**What the task requires**
Only the lines from the one containing "Wise DLX1305 - DLX" to the end of the material are to be copied, exactly and in full; images stay out.

**Data block**
Start of Block

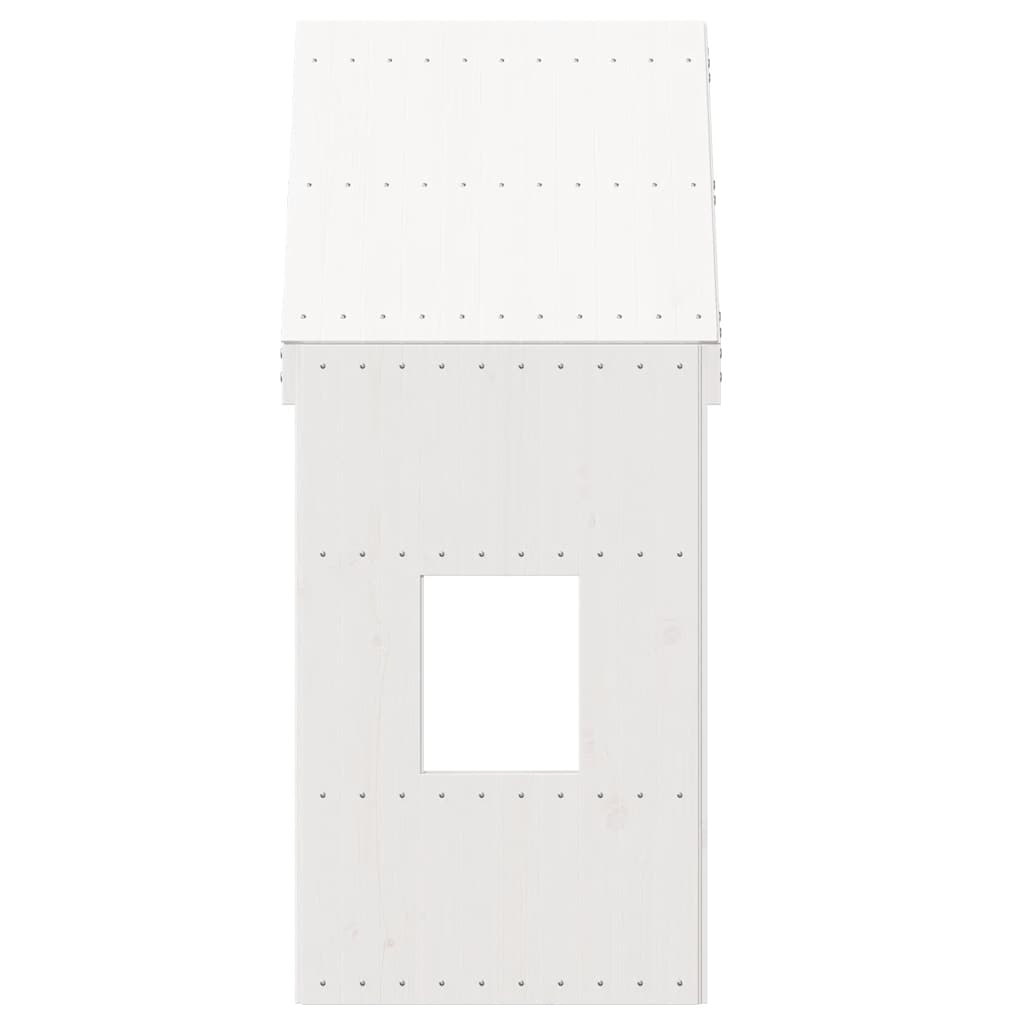 Kids' Bed Roof White 60x99x139.5 cm Solid Wood Pine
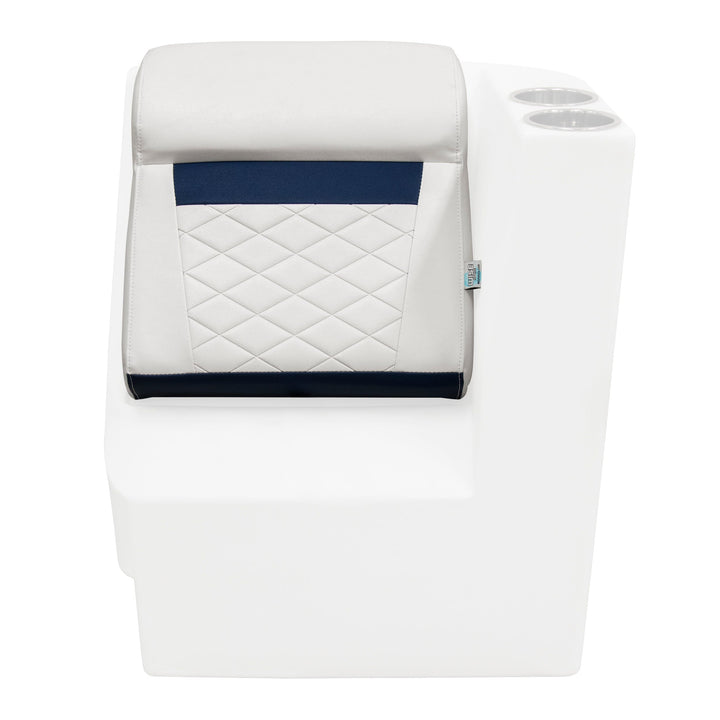 Wise DLX1305 - DLX Series Pontoon Lean Back Cushion Only - Fits L or R DLX Pontoon Boatseats 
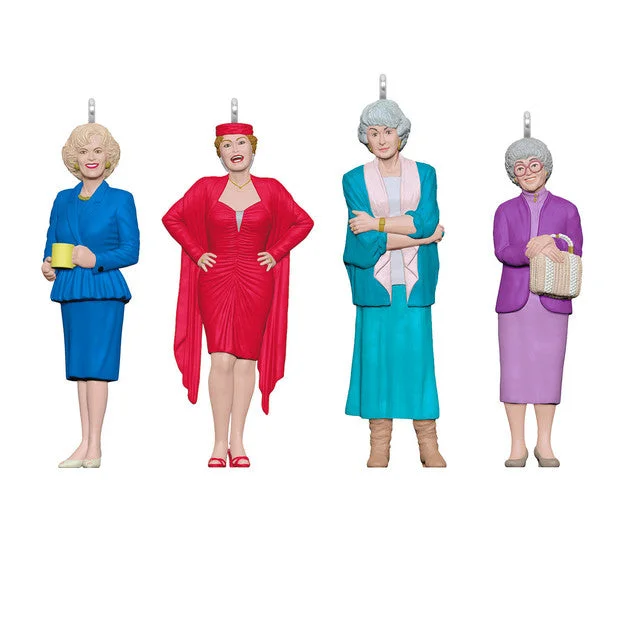 Hallmark 2024 Mini The Golden Girls Ornaments, Set of 4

End of Block

**Task output**
 Wise DLX1305 - DLX Series Pontoon Lean Back Cushion Only - Fits L or R DLX Pontoon Boatseats 
 Hallmark 2024 Mini The Golden Girls Ornaments, Set of 4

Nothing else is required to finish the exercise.